Trusted as a third-down back and on the kick return team, Brock helped the Iowa State football team reach a New Year’s Six Bowl game for the first time and cap the best season in program history with a 34-17 victory over Oregon in the Fiesta Bowl, played in Glendale, Ariz.

The celebration that followed inside State Farm Stadium matched the moment.

“Probably more fun than it looked,” said Brock, who was allowed to go on the postgame dais and get his picture taken holding the trophy.

That’s because this was a celebration for all, not for one.

“Being on the field with the team, especially those seniors, was amazing,” Brock said. “They came to school when we were 3-9 and we go 9-3. It’s a total turnaround. (Iowa State coach Matt) Campbell sparked that fire and got it done.”
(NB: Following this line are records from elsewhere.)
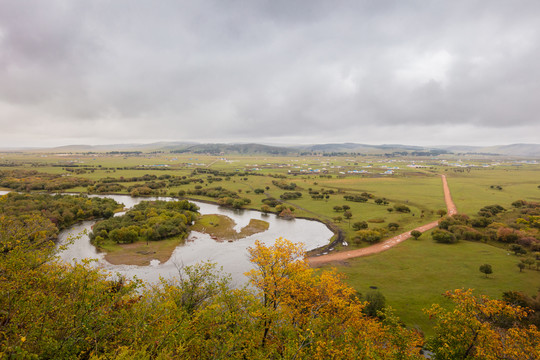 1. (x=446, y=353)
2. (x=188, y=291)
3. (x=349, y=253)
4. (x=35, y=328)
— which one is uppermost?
(x=35, y=328)

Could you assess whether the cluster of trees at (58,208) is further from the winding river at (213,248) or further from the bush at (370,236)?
the bush at (370,236)

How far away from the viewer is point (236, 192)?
140500mm

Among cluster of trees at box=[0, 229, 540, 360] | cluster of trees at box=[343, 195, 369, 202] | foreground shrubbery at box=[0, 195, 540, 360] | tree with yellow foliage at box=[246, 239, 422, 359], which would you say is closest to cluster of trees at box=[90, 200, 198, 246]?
foreground shrubbery at box=[0, 195, 540, 360]

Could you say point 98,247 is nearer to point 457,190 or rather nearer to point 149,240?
point 149,240

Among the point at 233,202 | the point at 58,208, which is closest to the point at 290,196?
the point at 233,202

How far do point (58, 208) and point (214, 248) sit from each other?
198 ft

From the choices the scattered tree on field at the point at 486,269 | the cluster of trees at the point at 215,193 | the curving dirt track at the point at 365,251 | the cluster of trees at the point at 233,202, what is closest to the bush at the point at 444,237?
the curving dirt track at the point at 365,251

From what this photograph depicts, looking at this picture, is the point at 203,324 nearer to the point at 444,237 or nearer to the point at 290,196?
the point at 444,237

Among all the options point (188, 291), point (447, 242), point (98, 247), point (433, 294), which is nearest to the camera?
point (188, 291)

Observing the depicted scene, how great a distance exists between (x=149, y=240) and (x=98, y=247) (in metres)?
12.4

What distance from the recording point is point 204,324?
70.5 feet

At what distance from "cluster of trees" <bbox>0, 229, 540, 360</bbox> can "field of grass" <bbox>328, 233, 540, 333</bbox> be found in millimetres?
19330

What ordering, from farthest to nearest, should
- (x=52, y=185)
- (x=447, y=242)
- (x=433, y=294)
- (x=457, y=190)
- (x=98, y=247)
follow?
(x=457, y=190) → (x=52, y=185) → (x=447, y=242) → (x=98, y=247) → (x=433, y=294)

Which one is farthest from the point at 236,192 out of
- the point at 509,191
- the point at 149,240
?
the point at 509,191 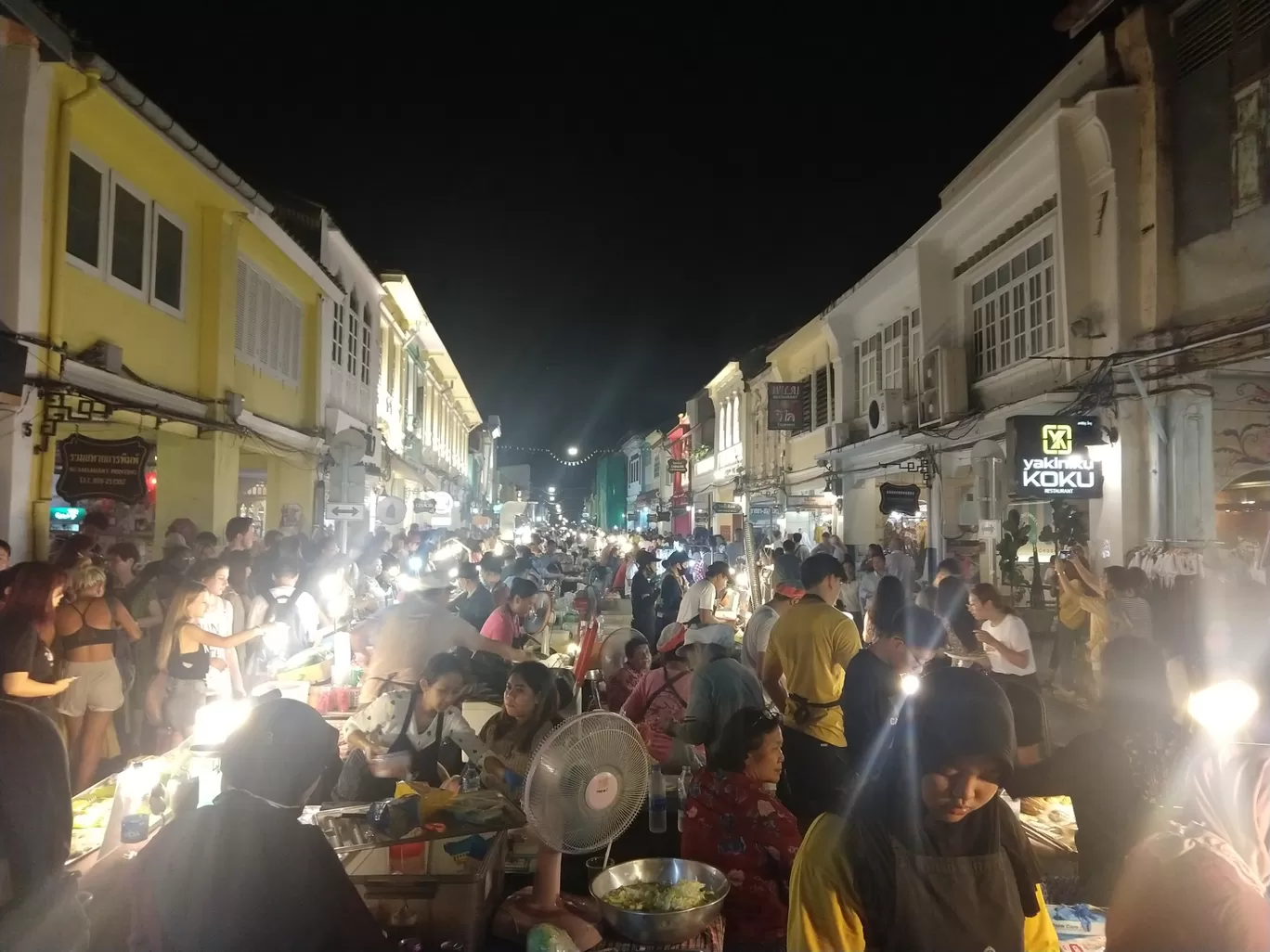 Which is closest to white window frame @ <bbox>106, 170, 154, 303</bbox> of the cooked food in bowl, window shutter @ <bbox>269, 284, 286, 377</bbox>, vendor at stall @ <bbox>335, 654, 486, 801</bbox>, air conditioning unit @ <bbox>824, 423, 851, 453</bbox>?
window shutter @ <bbox>269, 284, 286, 377</bbox>

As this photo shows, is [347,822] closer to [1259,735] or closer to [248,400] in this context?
[1259,735]

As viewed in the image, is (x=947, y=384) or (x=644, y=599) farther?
(x=947, y=384)

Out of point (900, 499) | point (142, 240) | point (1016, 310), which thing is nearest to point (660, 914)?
point (142, 240)

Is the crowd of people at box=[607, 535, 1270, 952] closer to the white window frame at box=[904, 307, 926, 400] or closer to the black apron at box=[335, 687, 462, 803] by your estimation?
the black apron at box=[335, 687, 462, 803]

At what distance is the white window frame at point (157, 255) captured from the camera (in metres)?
10.4

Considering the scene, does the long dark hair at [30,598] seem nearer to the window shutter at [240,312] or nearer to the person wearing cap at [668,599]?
the window shutter at [240,312]

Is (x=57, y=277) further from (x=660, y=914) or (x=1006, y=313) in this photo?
(x=1006, y=313)

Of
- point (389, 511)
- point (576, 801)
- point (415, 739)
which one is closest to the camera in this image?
point (576, 801)

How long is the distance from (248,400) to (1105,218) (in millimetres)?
13435

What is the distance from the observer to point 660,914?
11.7ft

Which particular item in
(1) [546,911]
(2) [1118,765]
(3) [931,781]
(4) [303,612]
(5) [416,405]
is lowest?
(1) [546,911]

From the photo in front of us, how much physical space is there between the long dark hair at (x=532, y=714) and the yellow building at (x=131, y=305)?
18.8 ft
That fire burns strong, even during a down time.

Brock and the Cyclones have been given a few weeks to decompress before returning to Ames, Iowa, for the second semester. It’s the opportunity to visit other college friends and spend quality time at home, a place he wasn’t afforded to visit much during the coronavirus pandemic.

“Just to take a step back from everything we went through this season and prepare for another season,” Brock said, “that’s the nice part of this.”

At the same time, being prepared for next season and the opportunities ahead is never far from his mind.

Preparation takes place every day, not just when winter workouts or spring practices begin.

“There’s no for sure,” Brock said. “Anything can happen. I have to go out there every day and play like I want to play on game day and make Coach play me. I have to earn their trust by doing everything right when I can. In the classroom matters, too. He’s going to play the people he trusts, and if I’m doing well in the classroom and on the field, I’ll have that opportunity.”

That was the biggest epiphany this season brought.

As a true freshman at Iowa State in 2019, Brock played in the maximum allowable games without burning a redshirt, picking up 48 yards on nine carries in four appearances. It was enough of a sampling to create anticipation he and Breece Hall, the Cyclones’ Heisman Trophy finalist, could be a solid 1-2 punch in the backfield.

By fall, when the Big 12 Conference cleared the way to play, Brock found himself quarantined because of COVID-19. He missed the entire preseason camp and didn’t see the field in any capacity on gameday until October 3 against Oklahoma.

“When I came back, I wasn’t doing well,” Brock said. “I wasn’t being myself. I wasn’t being the player the coaches thought I could be, and they told me that.”

Campbell’s mantra of “make me play you” was ringing true.

“(Running backs coach Mike McCall) told me I needed to be more consistent in practice,” Brock said. “I took that and ran with it, trying to be the same person every day in practice.”

Three games after getting on the field, he found himself there in more critical situations, including as the Cyclones’ primary running back on third-and-long situations. He started playing on the kick return team and ended up appearing in 10 games and finishing the season with 13 carries for 46 yards and four receptions for 32 yards.

“It was just showing up to practice with a mindset of going to work and learning and being the same person every day,” Brock said. “You have to grow. It’s OK to make a mistake, but don’t make the same amount twice type of mentality you have to have.”

Keep that in mind and the playing time will come.

“You really can’t worry about playing time because then you’re worrying about the wrong things,” Brock said. “If you’re worrying about that, you’re probably not playing.”

So all Brock worries about is being the best version of himself.

That’s how he helps the Cyclones make next season even more memorable.

“People would ask me why I chose Iowa state because they really weren’t doing so well and I’d tell them, ‘I can see where they’re going. It’s not about where they are now, but the potential they have for where they want to go,’” Brock said. “I trust Coach Campbell and everything he preached on and I still do to this day. I wouldn’t change my mind if I had to go back.”